• [Activity]
Every line of the material needs an exact copy, apart from the images.

• [Input for this task]
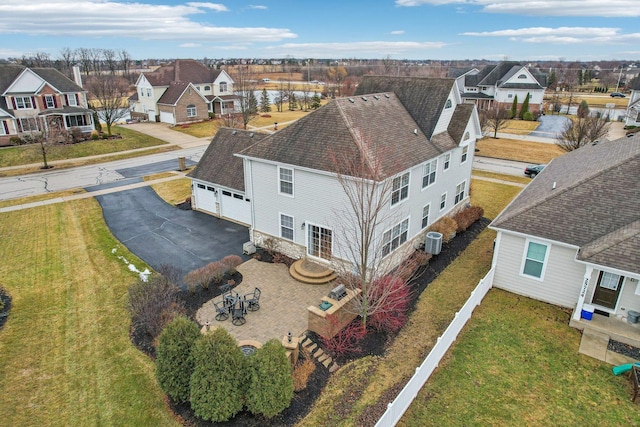 drone / aerial view featuring a residential view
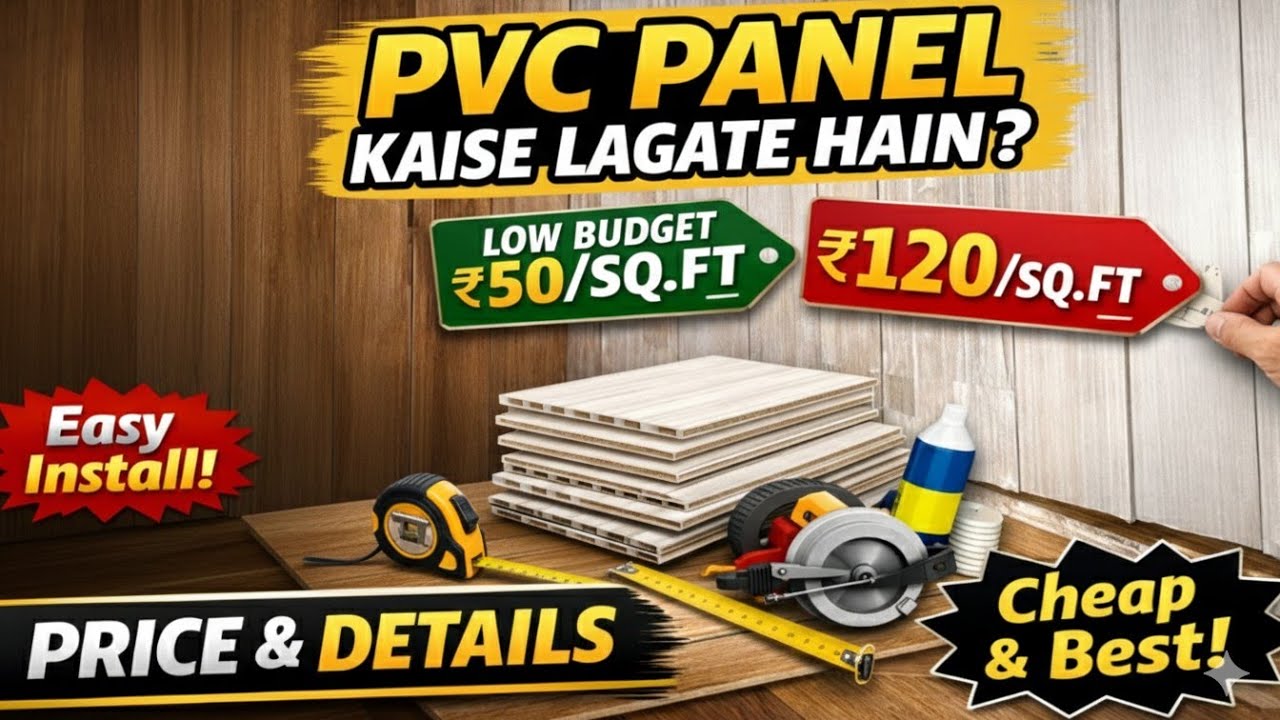 Pvc panal kaise lagaye |  how to install PVC panal for wall | PVC panal design and details |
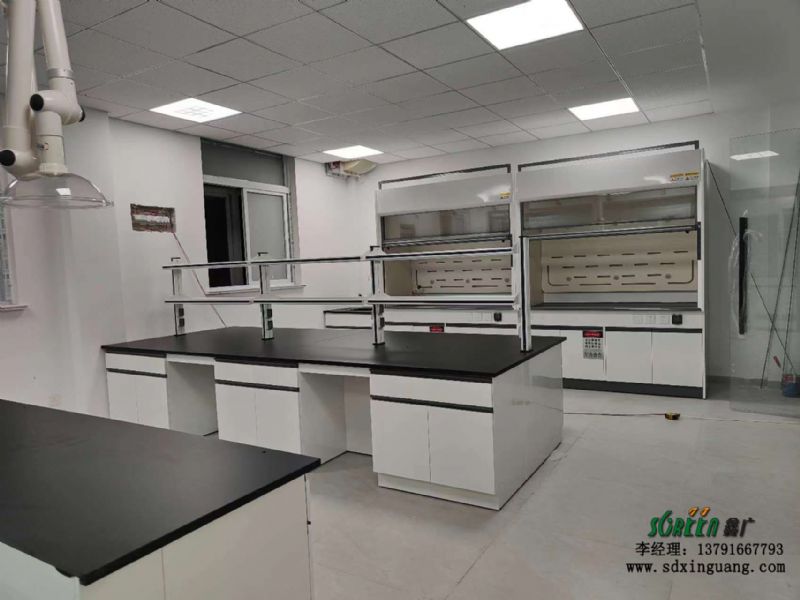 山東宏?；瘜W(xué)有限公司--實驗家具安裝現(xiàn)場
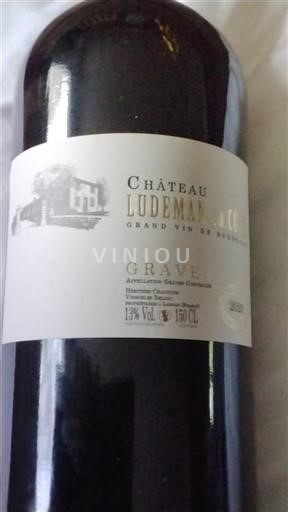 Bordeaux Graves Château Ludeman 2020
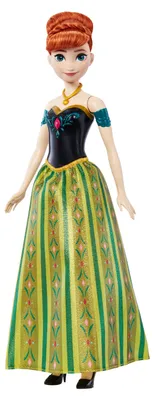 Produktbild von Disney Die Eiskönigin Singende Anna-Puppe singt "Zum ersten Mal?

• [Task answer]
 drone / aerial view featuring a residential view
 Pvc panal kaise lagaye |  how to install PVC panal for wall | PVC panal design and details |
 山東宏?；瘜W(xué)有限公司--實驗家具安裝現(xiàn)場
 Bordeaux Graves Château Ludeman 2020
 Produktbild von Disney Die Eiskönigin Singende Anna-Puppe singt "Zum ersten Mal?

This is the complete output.